Write out the entries below once more, exactly, with the pictures left out.
-------- RECORDS FOR THIS TASK --------
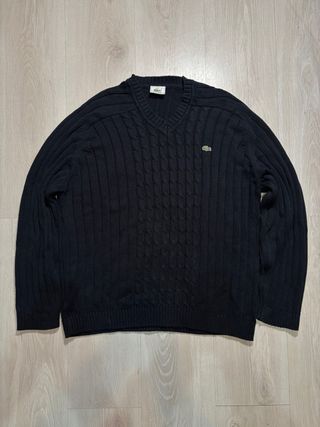 Jersey Lacoste Azul Marino Cable Knit Vintage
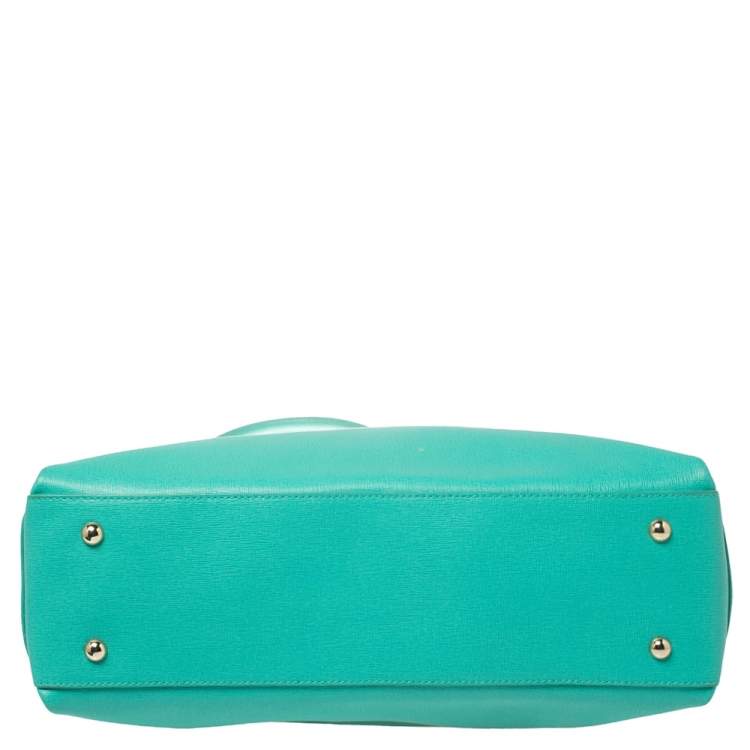 Pre Owned Furla Green Leather Large Lotus Tote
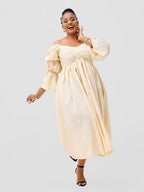 Busara Long Dress - Cream / White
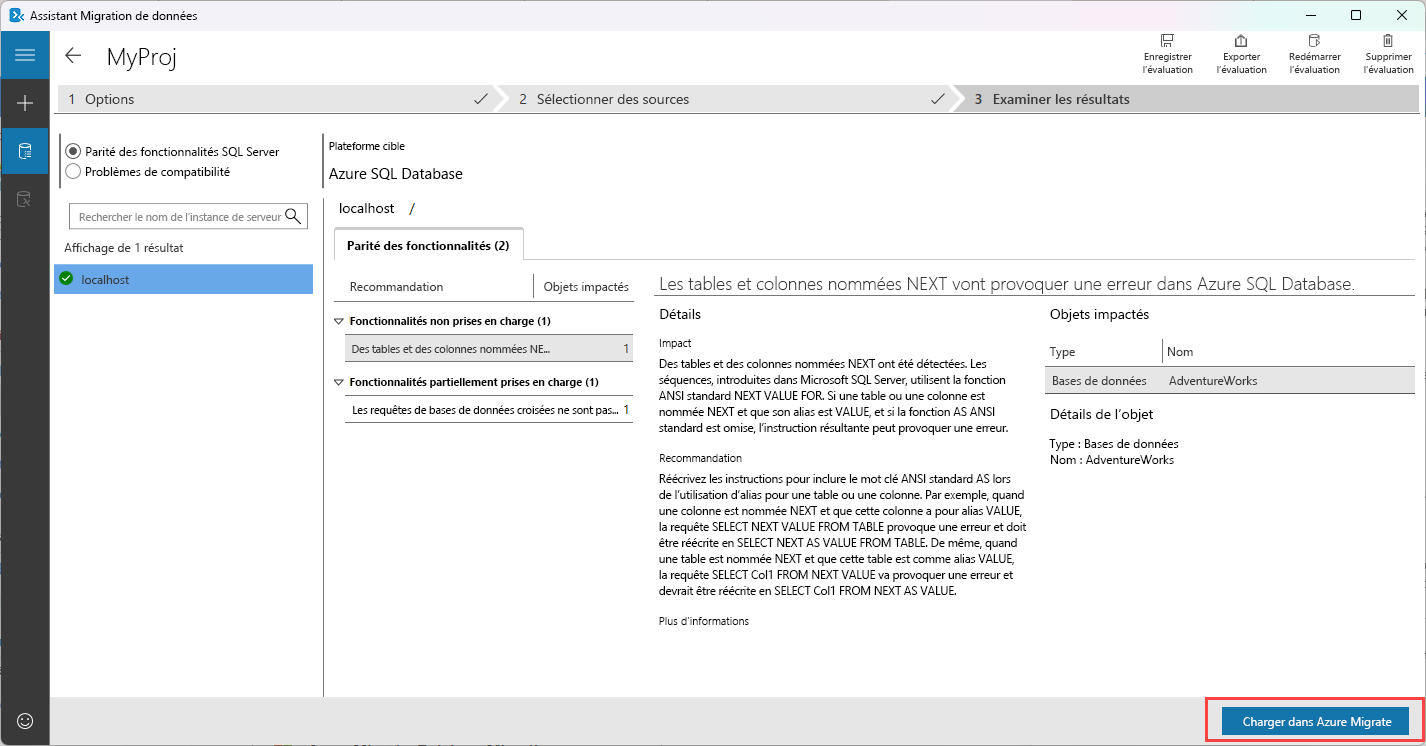 Capture d’écran montrant comment charger une évaluation de l’Assistant Migration de données vers Azure Migrate.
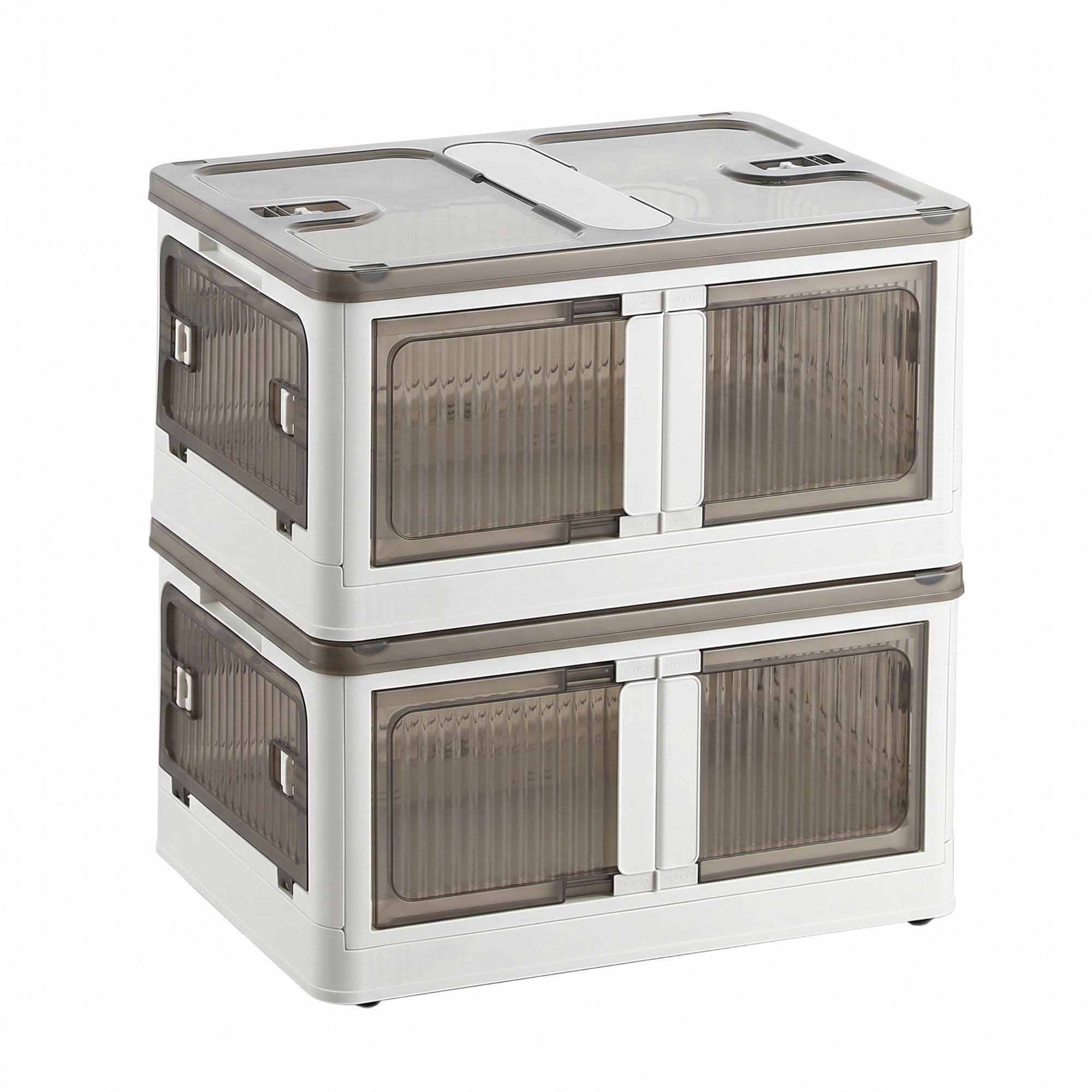 Well Home Caja de almacenamiento plegable multifuncional en color Blanco 2 Niveles, 140L por Nivel, 280 L en Total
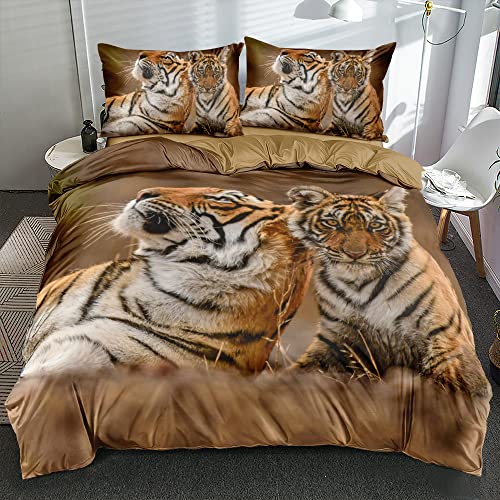 DXHOME Bettwäsche 155x220 3D Effekt Tiger Tiermotiv Bettzeug Weich Hochwertig Braun Gelb Mikrofaser Bettwäsche 3 teilig für Jugendliche Jungen Kinder mit Reißverschluss und 2 Kissenbezüge 80x80 cm von DXHOME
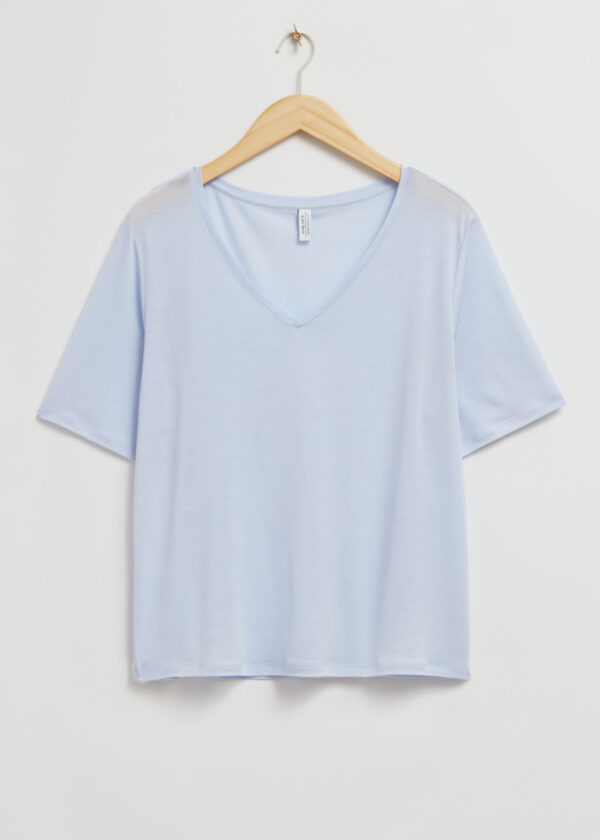 Crossover V-Neck T-Shirt - Blue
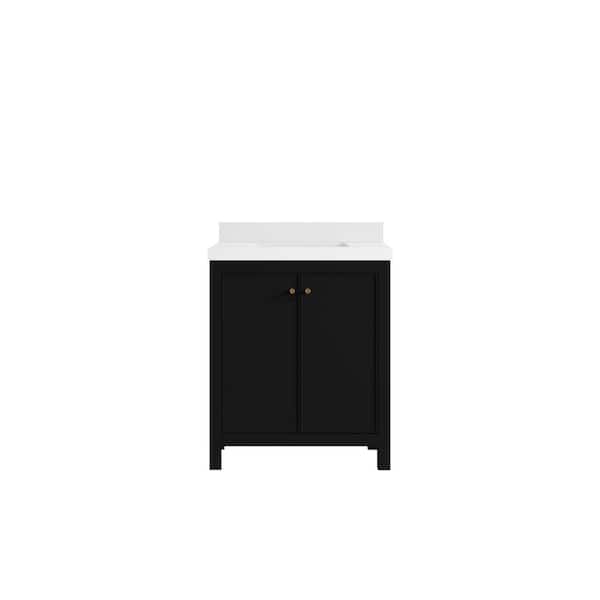 Willow Collections Chicago 30 in. W x 22 in. D x 36 in. H Single Sink Bath Vanity Center in Black with 2 in. White Quartz Top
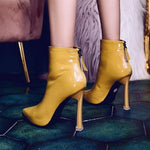 Patent PU Leather, Short Pointed High Heels Boots with Zipper Closure 37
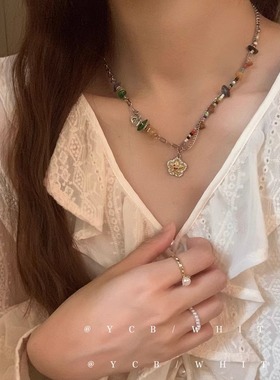 「园游会」ins简约百搭多巴胺彩色串珠项链小众设计感颈链卫衣链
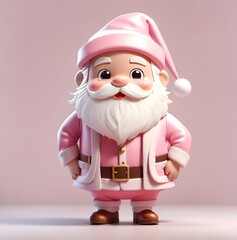 Cute Santa Claus Cartoon Character in Pastel Pink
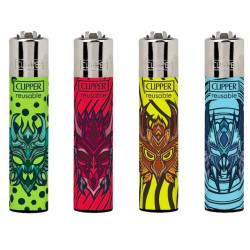 4 x Zapalniczka Clipper Tribal Masks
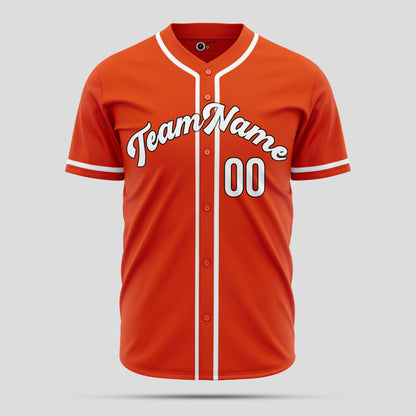 Custom Orange, White & Black Baseball Jersey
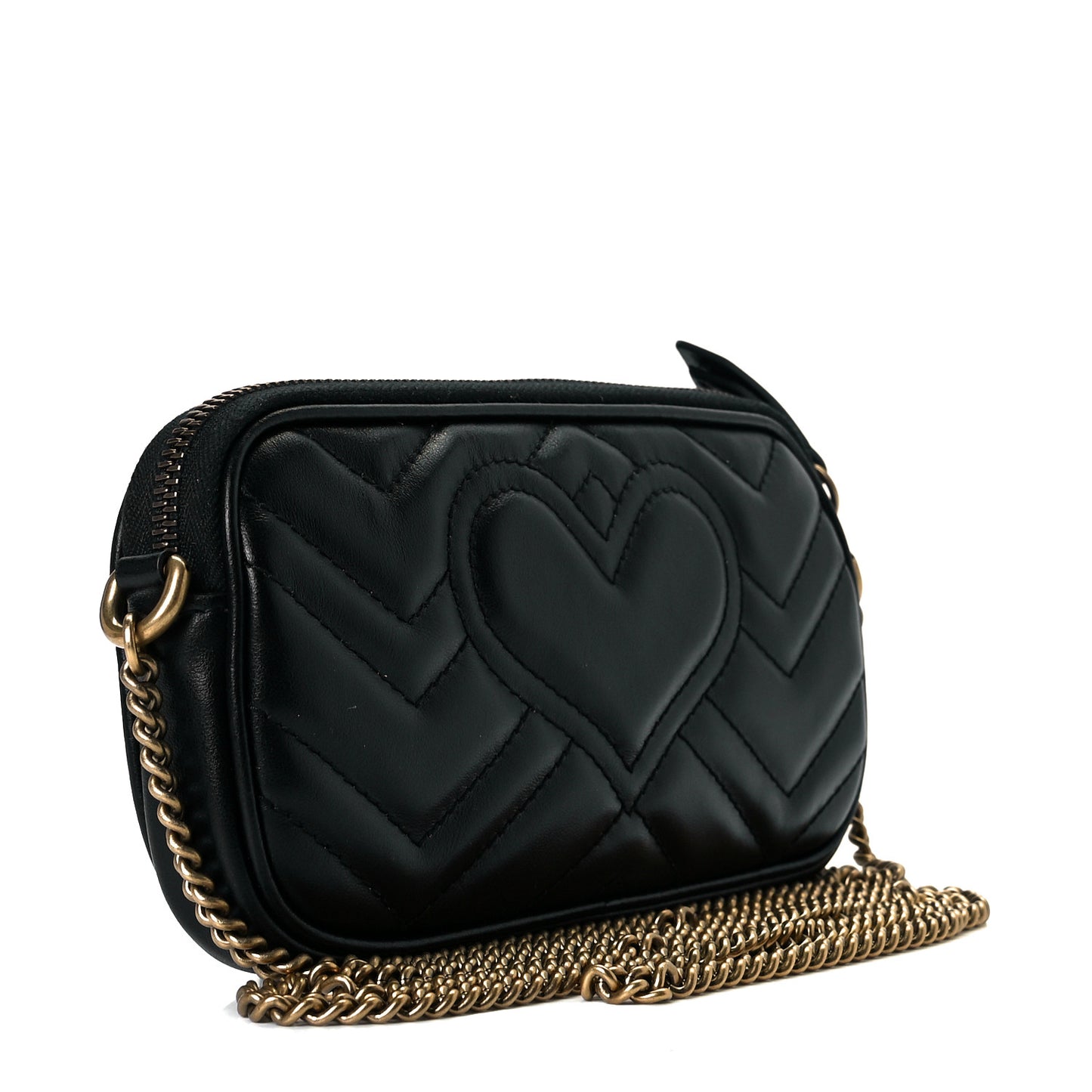 Calfskin Matelasse Mini GG Marmont Chain Crossbody Bag Black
--------
• TASK SOLUTION
 Jersey Lacoste Azul Marino Cable Knit Vintage
 Pre Owned Furla Green Leather Large Lotus Tote
 Busara Long Dress - Cream / White
 Capture d’écran montrant comment charger une évaluation de l’Assistant Migration de données vers Azure Migrate.
 Well Home Caja de almacenamiento plegable multifuncional en color Blanco 2 Niveles, 140L por Nivel, 280 L en Total
 DXHOME Bettwäsche 155x220 3D Effekt Tiger Tiermotiv Bettzeug Weich Hochwertig Braun Gelb Mikrofaser Bettwäsche 3 teilig für Jugendliche Jungen Kinder mit Reißverschluss und 2 Kissenbezüge 80x80 cm von DXHOME
 Crossover V-Neck T-Shirt - Blue
 Willow Collections Chicago 30 in. W x 22 in. D x 36 in. H Single Sink Bath Vanity Center in Black with 2 in. White Quartz Top
 Patent PU Leather, Short Pointed High Heels Boots with Zipper Closure 37
 「园游会」ins简约百搭多巴胺彩色串珠项链小众设计感颈链卫衣链
 Cute Santa Claus Cartoon Character in Pastel Pink
 4 x Zapalniczka Clipper Tribal Masks
 Custom Orange, White & Black Baseball Jersey
 Calfskin Matelasse Mini GG Marmont Chain Crossbody Bag Black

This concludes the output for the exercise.